8 novembre 2021

Il caso Webern

Chi è cresciuto in provincia ha ascoltato da nonni e genitori i racconti degli sviluppi collaterali della guerra, in una periferia remota in cui tentacoli della politica e la giustizia arrivavano a singhiozzo e spesso i disordini civili davano la stura a regolamenti di conti privati o crimini abietti di ogni sorta. Accadimenti che sono rimasti spesso irrisolti, impuniti o nascosti da una coltre di omertà collettiva. Anton Webern morì il 15 settembre del 1945 in un posto del genere, Mittersill, un paesello del Tirolo austriaco, con tutta probabilità per un errore del suo giustiziere, un soldato americano. È ragionevolmente certo che costui fosse coinvolto in un’imboscata al genero del compositore, Brenno Mattel, un personaggio ambiguo dai trascorsi nel partito nazista che sul finire del conflitto si era dato al traffico di dollari per arrotondare illegalmente. Ne esitò un malinteso, forse uno scambio di persona, che fu fatale a Webern, freddato da tre colpi di pistola.



Dario Olivieri nel suo “Il caso Webern. Ricostruzione di un delitto” (Edizioni Curci) ripercorre la vicenda, partendo dalle ultime ore per andare poi a ritroso, sulla scorta di un lavoro di ricerca iniziato negli anni ‘90 per la realizzazione di un documentario.
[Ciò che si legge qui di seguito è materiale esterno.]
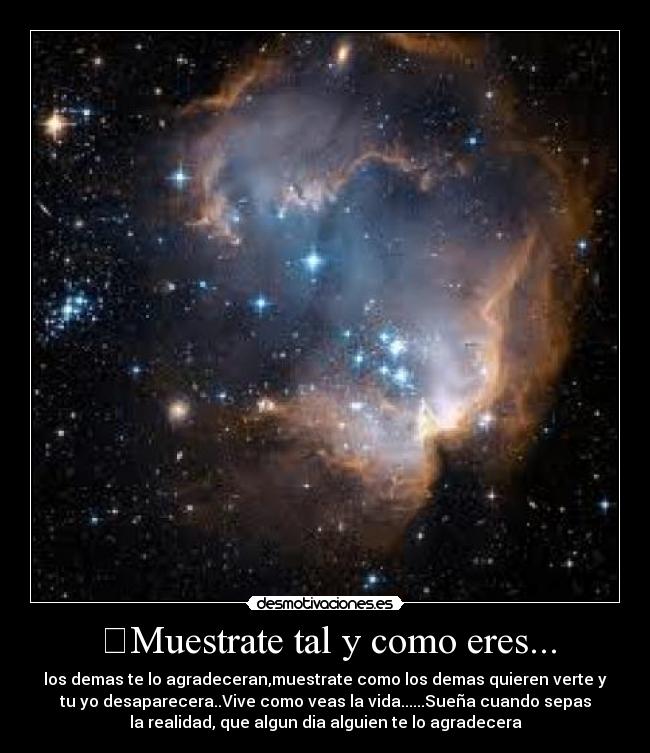 ☆Muestrate tal y como eres... -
Probabilmente un vero e proprio caso Webern non esiste. Almeno, non per come lo si può intendere, insomma non intorno alla morte, la cui dinamica è grossomodo accertata. C’è invece un contesto sociale e culturale, si potrebbe dire anche storico, che vale la pena di ricostruire per farsi un’idea più chiara della biografia del compositore e del clima che si respirava in Europa in quegli anni. Il libro è un pretesto per allargare la visione su di un’epoca e una storia non prive di angoli reconditi e dissipare un briciolo dell’oscurità che aleggia ancora sugli eventi più tragici del secolo scorso.